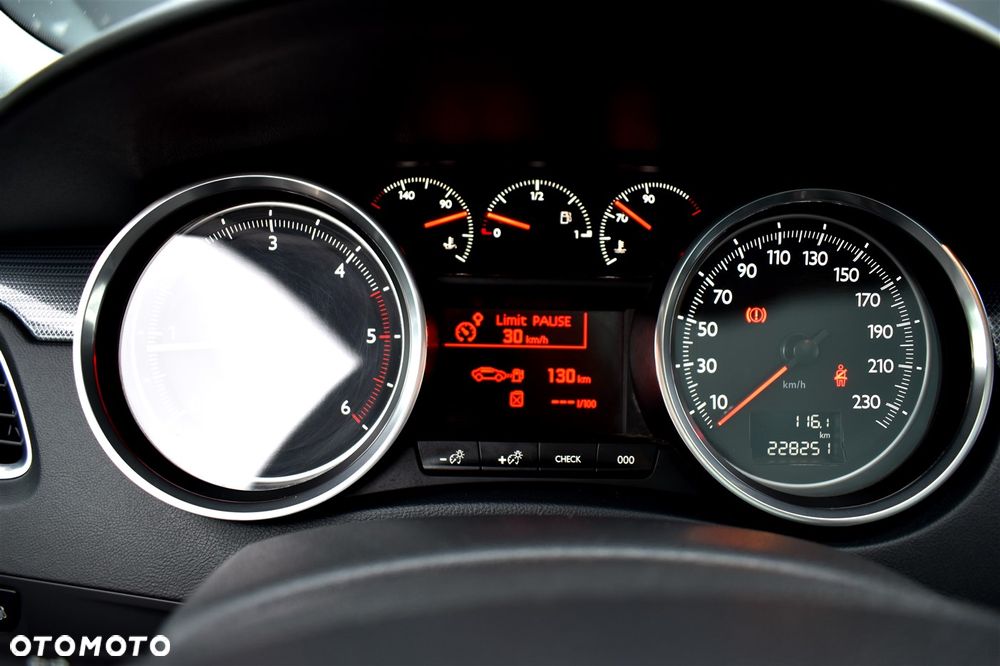 Peugeot 508 2.0 HDi Allure - 30
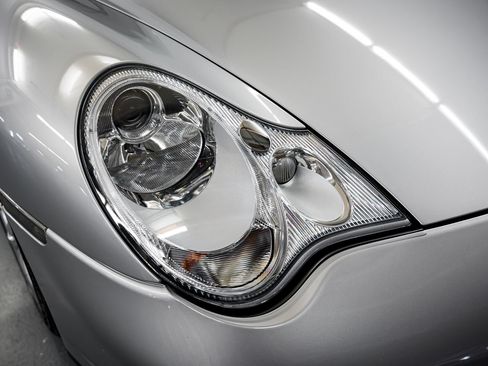 Used 2004 Porsche 911 Carrera RWD image 39
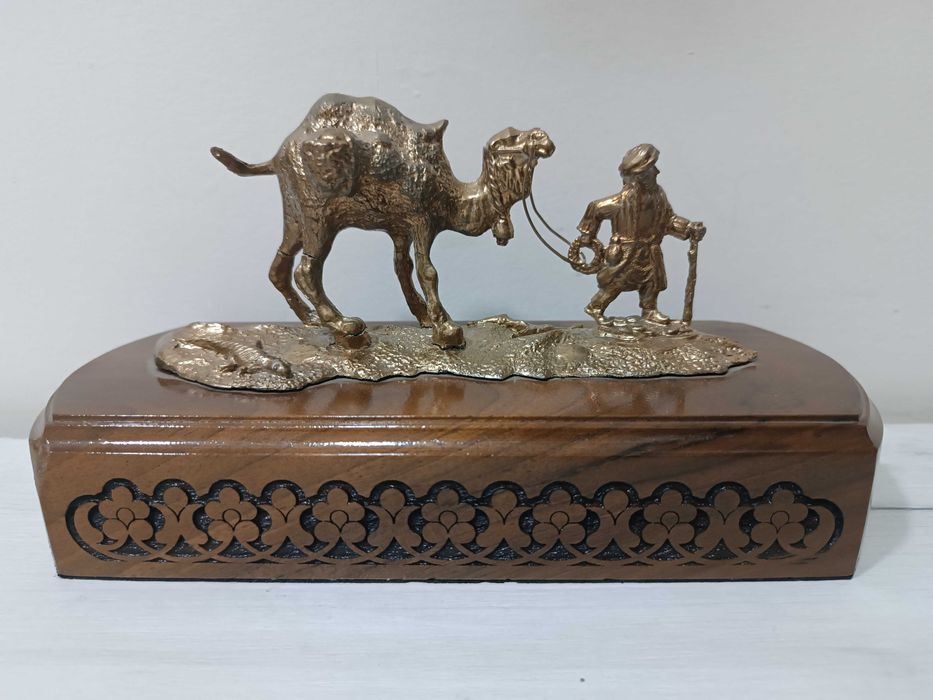 Композиция "Путник" ( мусафир).
Металл. Основание дерево. Новая.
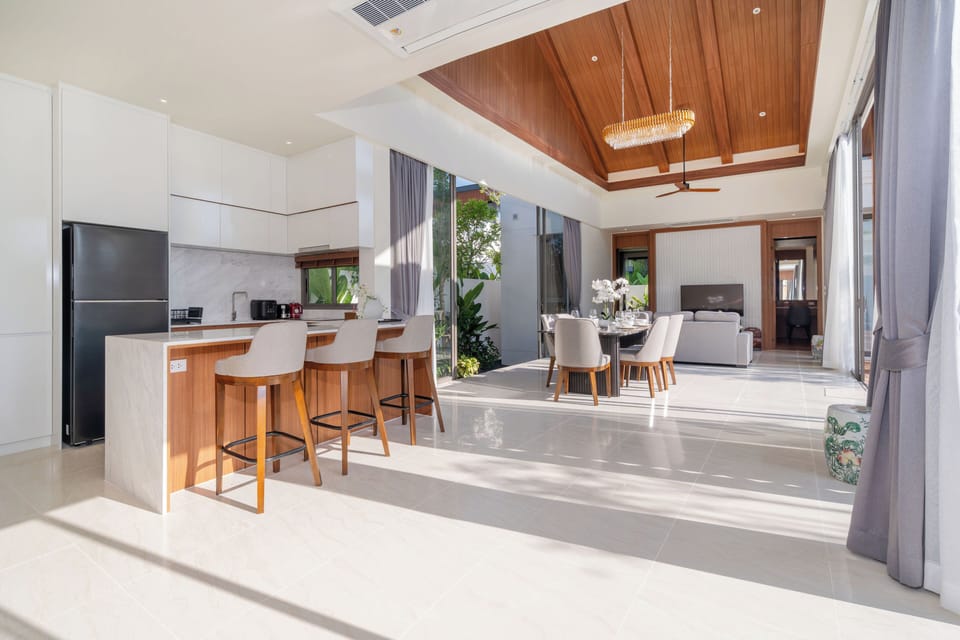 Villa, Non Smoking, Pool View | Interior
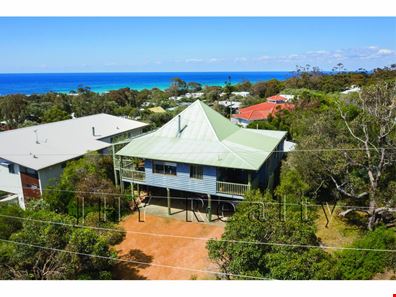 10 Eagle Bay Road, Eagle Bay WA 6281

========

**Prompt**
What you return should be all of the material above, exactly, and none of its pictures.

**Result for this task**
 Peugeot 508 2.0 HDi Allure - 30
 Used 2004 Porsche 911 Carrera RWD image 39
 Композиция "Путник" ( мусафир).
Металл. Основание дерево. Новая.
 Villa, Non Smoking, Pool View | Interior
 10 Eagle Bay Road, Eagle Bay WA 6281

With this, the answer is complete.